Les lettres de Frédéric et de sa sœur sont presque toutes autographes. Le Roi n'en a fait écrire qu'un fort petit nombre par son secrétaire, et la Margrave a écrit toutes les siennes, hormis celle du 10 mai 1707, lettre inédite, en chiffre, que cette princesse s'excuse, dans un post-scriptum de sa main,a de n'avoir pu écrire elle-même, faute de temps; elle dut également dicter les nos 342 et 346, à cause de l'état de faiblesse qui précéda sa mort. La partie de cette correspondance qui renferme les lettres de Frédéric se compose de onze volumes in-4, soigneusement reliés en veau; les lettres de la princesse, qui souvent n'ont pas de date, forment un plus grand nombre de volumes, brochés sans beaucoup de soin.
Cet immense recueil nous a prouvé une fois de plus la différence notable qui existe entre les diverses correspondances de Frédéric, particulièrement entre celles qu'il entretient avec ses amis, et les lettres qu'il échange avec sa famille. Les premières se restreignent ordinairement aux sujets les plus importants.

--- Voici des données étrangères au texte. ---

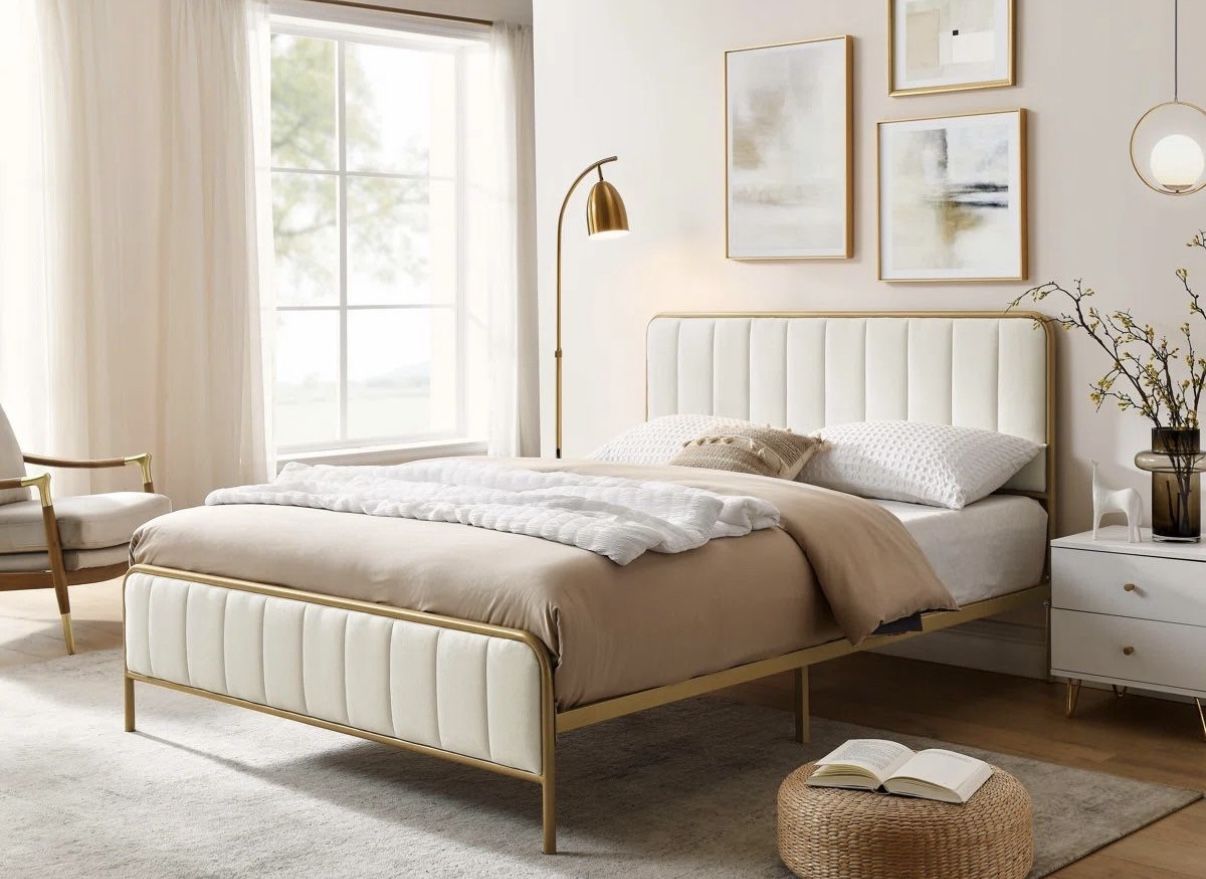 Full Size Bed Frame And Mattress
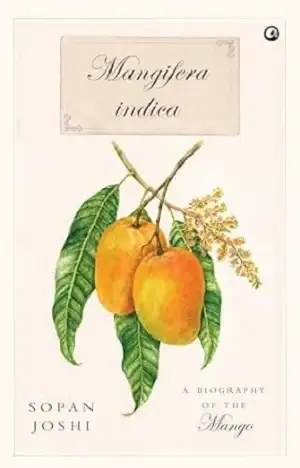 Mangifera indica by Sopan Joshi Book Cover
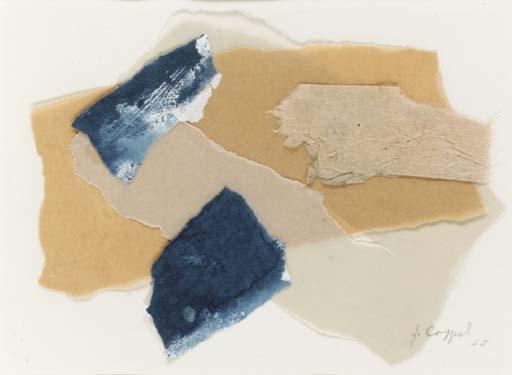 Jeanne Coppel - Collage, 1955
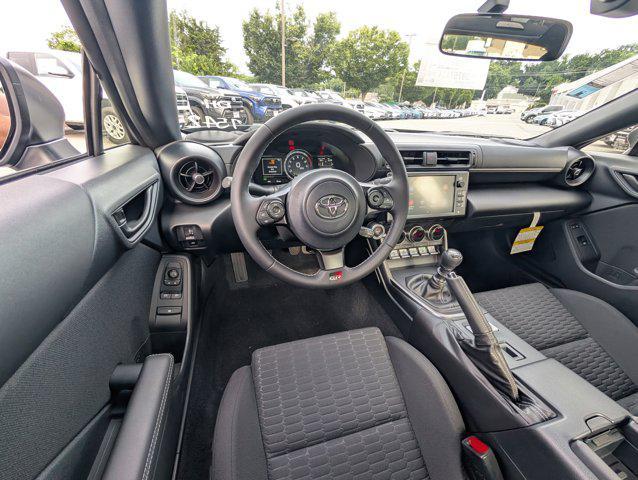 new 2025 Toyota GR86 car, priced at $31,224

Frédéric n'en envoie guère de pareilles que quand il a quelque chose à dire. Il écrit, au contraire, deux ou trois fois par semaine aux membres de sa famille, et, si l'on en excepte les époques où il était préoccupé des affaires militaires ou politiques, il leur parle de bagatelles, s'il n'a rien de plus intéressant à leur dire les jours de courrier. Il leur écrit donc pour écrire, et en
a « Je vous supplie, mon cher frère, dit la Margrave dans ce post-scriptum, de me pardonner si je n'écris que ce grimoire (voyez t. XXVI, 202 et 208); le temps presse. »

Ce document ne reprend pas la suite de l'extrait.